¿Qué es lo que más solemos aplicar en el trabajo para cumplir con el proceso tecnológico, mantener la calidad del producto o garantizar la seguridad? Por supuesto, reglas e instrucciones. Esta es la herramienta más común en la práctica de la mayoría de las empresas.
Sin embargo, las reglas no siempre funcionan. Esta afirmación es especialmente cierta si la violación de una regla no conlleva ninguna consecuencia negativa. Y, de hecho, así suele ser la mayoría de las veces: en algún lugar se tomó un atajo, en otro se descuidó el EPP... Y no pasó nada, solo se ahorró tiempo, ¡todo son ventajas! Pero entendemos que, tarde o temprano, la violación de las reglas conducirá a consecuencias lamentables de las que esas mismas reglas debían protegernos. Además, a menudo sucede que se han creado todas las condiciones — los EPP se entregan a tiempo, las herramientas están disponibles y en buen estado, y hay un paso de peatones señalizado cerca — y, aun así, la gente no cumple las reglas. ¿Qué hacer en tales casos? La clave para resolver este problema son las auditorías de seguridad, una herramienta para gestionar los riesgos conductuales y las situaciones peligrosas.

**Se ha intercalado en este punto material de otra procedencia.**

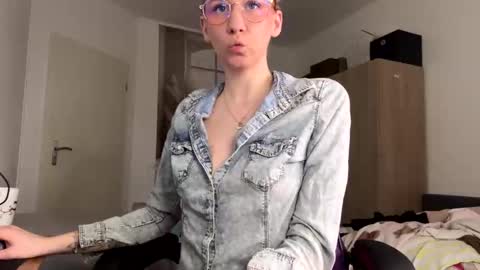 Snapshot of caliiie_of chatting on 04.26.26 Caliiie of online show from 04.26.26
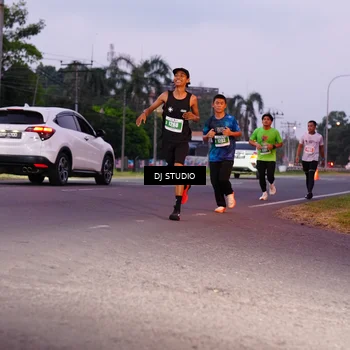 Runner Photo 4842052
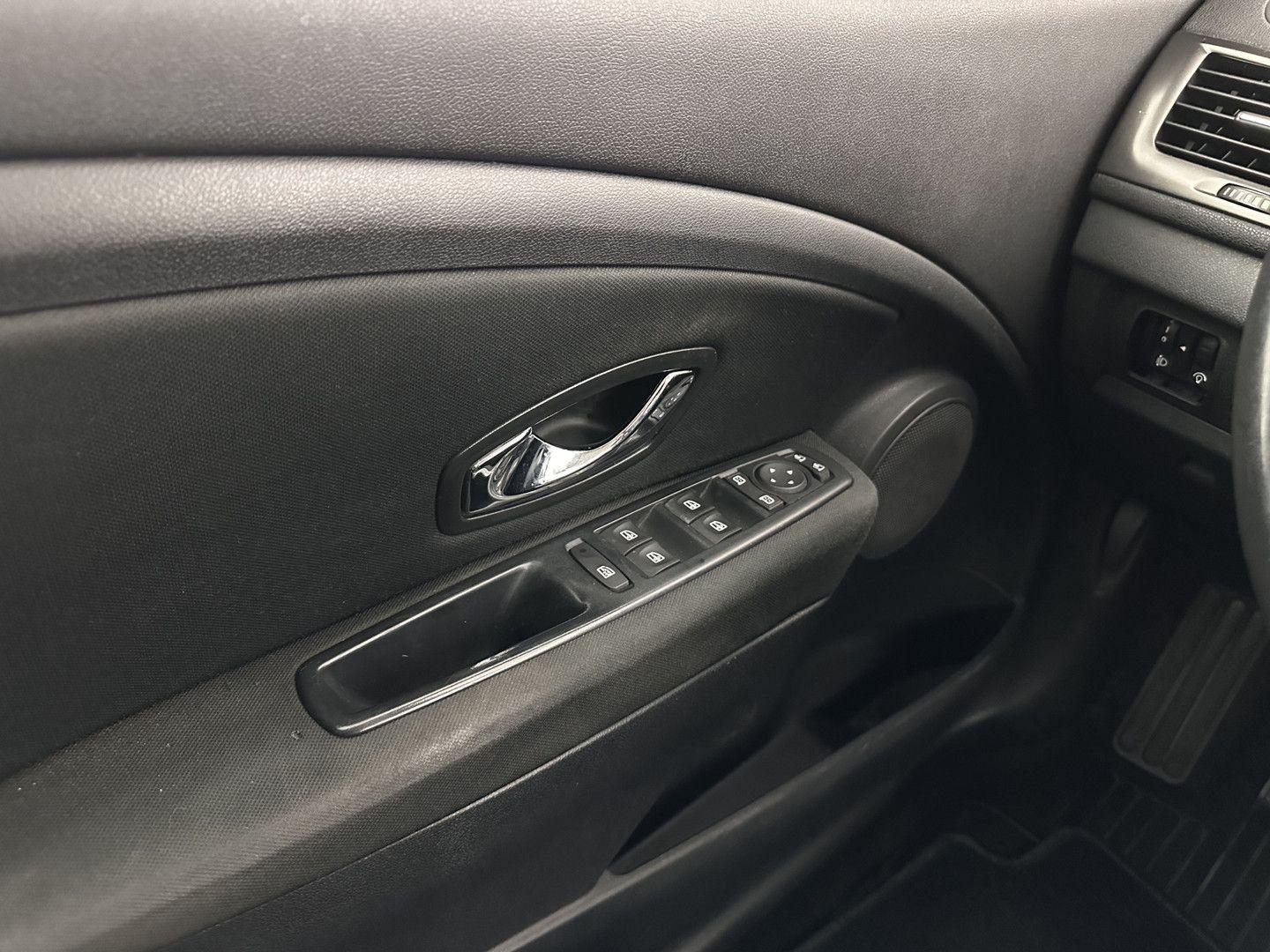 Renault Megane 2013 — photo 19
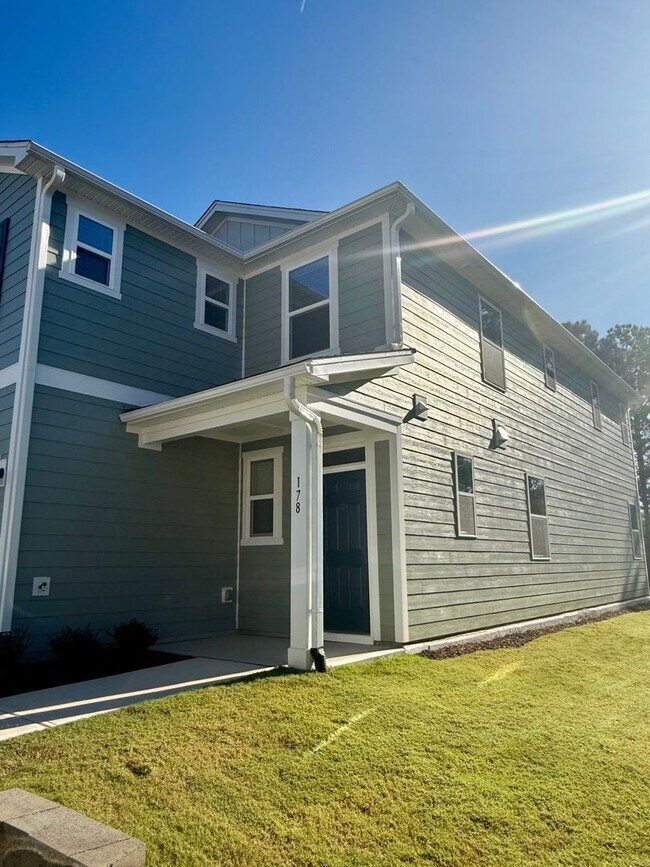 Building Photo - Three bedroom, 2.5 bath townhome in Mebane...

No obstante, en torno a este procedimiento se han formado muchos mitos y estereotipos que, como barreras, dificultan el desarrollo de la cultura de seguridad en general.
¿Qué asocia la mayoría con la palabra "auditoría"? Lo primero que viene a la mente es un inspector con un aspecto bastante amenazador, con libreta y bolígrafo, cuyo objetivo es detectar tantas infracciones como sea posible y castigar a la mayor cantidad de personas. En promedio, con tales asociaciones, surge un único pensamiento: ¡correr lo más rápido y lo más lejos posible del "inspector"! Por cierto, esta escena se puede observar con frecuencia en algunos centros de producción: la vista de un casco blanco provoca temor y temblor entre el personal operativo y, como consecuencia, un despliegue de velocidad en intentos intensos por desaparecer de la vista.
En OTEKO nos hemos propuesto la tarea de cambiar esta percepción. La auditoría no debe ser una herramienta de intimidación, ni el auditor un heraldo del castigo. En primer lugar, empezamos a cambiar la percepción de quienes más a menudo actúan como auditores: los directivos. En nuestro entrenamiento específicamente desarrollado sobre auditorías de seguridad conductual, explicamos los beneficios reales de la auditoría y enseñamos a utilizar correctamente esta herramienta incluso en las situaciones más complejas.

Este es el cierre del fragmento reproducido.